Le fait que le racisme soit aussi structurant devrait interroger sur les tactiques et comment même le formuler. Dans l’exemple du piquet de grève il y a des choses implicites : le travailleur raciste est blanc. Le révolutionnaire qui lui parle n’est pas non plus affecté directement par les propos racistes visiblement. Il y a du racisme sans travailleurs/ses raciséEs dans cette histoire ! Les personnes concernées n’apparaissent pas car trop souvent elles ne sont pas le sujet de la lutte antiraciste. Dans l’exemple du piquet on a l’impression que les raciséEs ne sont pas là (et c’est possible si les personnes qui dirigent la grève se permettent des remarques racistes) et donc on doit faire un pas vers le travailleur raciste et pas vers les travailleurs/ses raciséEs. Même si les luttes développent des solidarités, elles n’effacent jamais les questions de pouvoirs et de situations notamment pour les directions.
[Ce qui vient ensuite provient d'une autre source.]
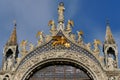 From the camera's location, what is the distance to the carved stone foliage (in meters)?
16.3

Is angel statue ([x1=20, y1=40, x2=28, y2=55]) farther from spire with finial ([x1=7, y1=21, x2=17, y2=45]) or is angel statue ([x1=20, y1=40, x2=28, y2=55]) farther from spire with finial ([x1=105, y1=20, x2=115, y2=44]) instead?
spire with finial ([x1=105, y1=20, x2=115, y2=44])

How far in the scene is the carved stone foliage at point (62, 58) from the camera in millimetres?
16266

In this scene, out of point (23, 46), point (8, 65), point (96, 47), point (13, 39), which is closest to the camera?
point (8, 65)

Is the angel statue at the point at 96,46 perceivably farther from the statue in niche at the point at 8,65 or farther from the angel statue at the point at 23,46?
the statue in niche at the point at 8,65

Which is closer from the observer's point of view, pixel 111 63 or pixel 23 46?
pixel 111 63

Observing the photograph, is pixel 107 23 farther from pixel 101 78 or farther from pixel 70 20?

La structuration du racisme ne va pas nécessairement et encore moins automatiquement amener les personnes concernées par le racisme à avoir du pouvoir même dans les AG de grève les plus démocratiques.
La lutte contre le racisme va créer de l’inconfort par la perte de domination et cela ne sera pas automatiquement compensé par des bénéfices qui concernent toute la classe. Par exemple, la police, personne ne réclame une meilleure répartition des coups de matraque ou un contrôle raciste équitable mais une personne blanche risque moins devant la police et peut compter même inconsciemment sur la police pour être en sa faveur lors d’interactions avec des raciséEs. Les non-raciséEs peuvent « ignorer » le racisme et regarder ailleurs mais pas les racisés. La répression policière est différente lorsqu’elle s’applique pour ce qu’on fait et pas pour ce qu’on est.
Pour conclure : le racisme est structurant et est une contrainte matérielle forte. Il est inséparable du capitalisme car il fait partie de ses structures. Il devient urgent que la gauche révolutionnaire et anticapitaliste soit capable de voir ce point “aveugle” de la lutte des classes et propose des interventions et des soutiens aux luttes tout en considérant ses propres biais qui peuvent se matérialiser sous différentes formes.
Il y aura un inconfort à la révolution pour les personnes blanches car elles ne seront plus en position de domination. Les révolutionnaires doivent défendre les personnes racisées en lutte pour leur émancipation et accepter cet inconfort.